Nicky Silver is known around Berkeley and Oakland for her shofar abilities, but not in the way you might expect.
She can deftly handle the blasts we hear at High Holiday services: tekiah, shevarim, t’ruah and tekiah gedolah. But the 76-year-old Oakland chiropractor can also coax a ram’s horn into playing George Gershwin’s “Summertime,” Frank Sinatra’s “New York, New York” and Glenn Miller Orchestra’s “In the Mood.”
She can play those tunes — and many more — on the shofar. In fact, Silver can figure out how to play any song she hears. For her, it’s actually easier to play music by hearing it than by reading it.
She belongs to Berkeley’s Chochmat HaLev and Piedmont’s Kehilla Community Synagogue, both Renewal congregations. She’s blown the shofar at High Holiday services for Kehilla, as well as for Rabbi Jill Zimmerman’s online community Hineni. Silver has also served in a lay cantorial role in Massachusetts and has long volunteered with a chevra kadisha to help prepare bodies for burial.

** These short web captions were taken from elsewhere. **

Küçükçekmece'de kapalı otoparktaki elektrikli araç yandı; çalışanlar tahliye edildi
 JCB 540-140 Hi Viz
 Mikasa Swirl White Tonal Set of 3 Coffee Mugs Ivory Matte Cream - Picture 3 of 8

Originally from Long Island, New York, Silver said her musical education consisted of studying the clarinet during fifth grade and playing a bit of piano.
About three decades ago, she asked her then-partner for a shofar for her birthday. She took to it easily.
She started to sound the shofar during the High Holidays and kept that up for more than a decade. Then one year during the month of Elul leading up to Rosh Hashanah — when traditional Jews try to hear the shofar daily in preparation for the coming High Holidays — she began focusing on perfecting one note. She practiced it until she could feel it. Then she moved on to another note.
“Rather than just tooting a horn, I was more embodied,” she said. “I’m very kinesthetic.”
Around the same time, her then-partner was becoming an American citizen. In a moment of inspiration, Silver grabbed her shofar and “Yankee Doodle Dandy” came out, as did “You’re a Grand Old Flag.”
“It was revelatory,” she said.

She hasn’t stopped since.
Silver, who said she now has a three-octave range on the shofar, has never seen or heard of anyone else who plays songs on one. (A quick search on YouTube yields many nontraditional shofar sounds, but not recognizable songs.)
So what does she do with this quirky ability? She has played songs on the shofar at Jewish retreats and fundraisers. Then last year she had another personal revelation. While experimenting, she started softly making a sound and then allowed it to build slowly. The result was a mournful wail.
Silver asked if she could play the sorrowful sound at Chochmat HaLev’s memorial service for the first anniversary of the Oct. 7, 2023, Hamas attack.
That experience has led her into a new, deeper relationship with the horn.
“It was like the shofar was crying,” she said. “It was as if the sound was expressing the community’s tears. It was an emotional experience … and I was the conduit.”